Last weekend, another group of neighborhood residents rallied in the Fruitvale district—which has also been hard hit by the crime wave—to call for increased police patrols. 

At the earlier PUEBLO meeting, Brooks had charged that Oakland Mayor Jerry Brown—who is running for California attorney general—and Council President Ignacio De La Fuente—who is running to succeed Brown as mayor—had helped to hold up implementation of Tucker’s redeployment plan in order to gain the support of the police officers’ union in their political races. De La Fuente was absent from last Tuesday’s council meeting but spoke at the Saturday Fruitvale area rally. Under the strong mayor law, Brown is not required to attend council meetings. He rarely does and was also not present at Tuesday’s session. 

Tucker is scheduled to report back to councilmembers on the results of those negotiations this morning (Tuesday, March 14) at the 11 a.m. closed session. According to District 2 Councilmember Jane Brunner (North Oakland), councilmembers may hold a special open noon council session “depending on what we get in the report.” Presumably, if no agreement has been reached between the chief and the union, the council will vote on the emergency declaration at the noon session. 

Brunner, who sponsored a separate resolution at last Tuesday’s meeting—also passed unanimously by council—that called for the police department to fill the 89 patrol officer vacancies “absolutely no later than Jan. 1, 2007,” said that the shortage of patrol officers and the current police deployment plan was causing critical police services to be taken out of her district. “I’m tired of fighting for my crime reduction teams not to be taken out of North Oakland,” Brunner said. “Once again, they took them out this week. That’s unacceptable. We should have enough officers on the street that every district has a crime reduction team.” 

The crime reduction teams are small squads of officers that crack down on known crime hot spots. Two years ago, when the CRT was temporarily pulled out of North Oakland to conduct sideshow patrols in East Oakland, the murder rate in North Oakland tripled. 

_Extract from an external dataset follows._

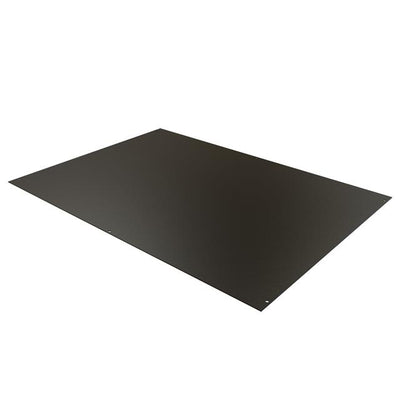 C2T1936SBK1 by Hammond Manufacturing - PANEL TOP 28.3X20X0.07"" BLACK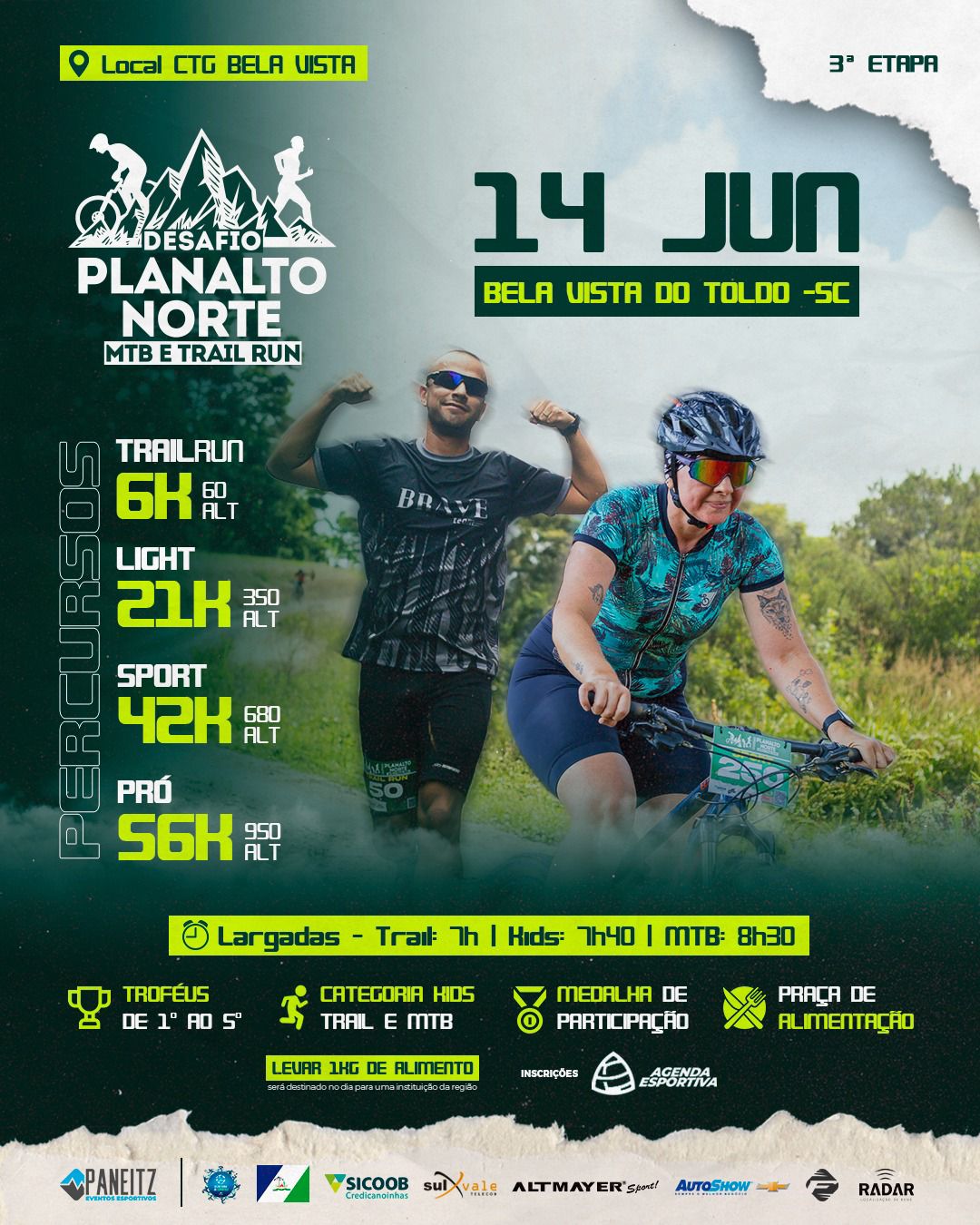 Capa do Evento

The Oakland City Council is scheduled to go over details of Brunner’s “full staffing” resolution at its regular March 21 meeting. 

With neighborhood residents rallying outside the council meeting in support of increased police patrols, citizens inside supported the chief’s deployment plan. 

Preston Turner, chair of the Neighborhood Community Police Committee of Beat 27X (Melrose and Maxwell Park), one of the areas heaviest hit by the recent violent crime wave, told councilmembers, “We feel that Chief Tucker’s hands have been tied because of politics. We’d like the mayor, the president of the council [Ignacio De La Fuente], and all of the councilmembers to embrace the chief’s plan and roll it out as soon as possible. The bullets have no eyes.” 

Turner said that recent homicides in the Melrose/Maxwell Park area were “only two or three blocks from my house.” 

Former Oakland School Board member Toni Cook, who had attended the PUEBLO meeting where Brooks and Tucker originally announced the deployment plan, said that she was “horrified to learn that we have to bribe our police officers to do their job.” 

And PUEBLO Executive Director Rashidah Grinage, who has been holding weekly meetings with Tucker on police-community issues, added that “the chief is a professional who has done this type of work for many years. Folks who are looking at their own bank accounts, their own wallets, and their own political careers are putting that over the safety of the citizens of Oakland. We need to look at who is behind blocking this plan, and why.”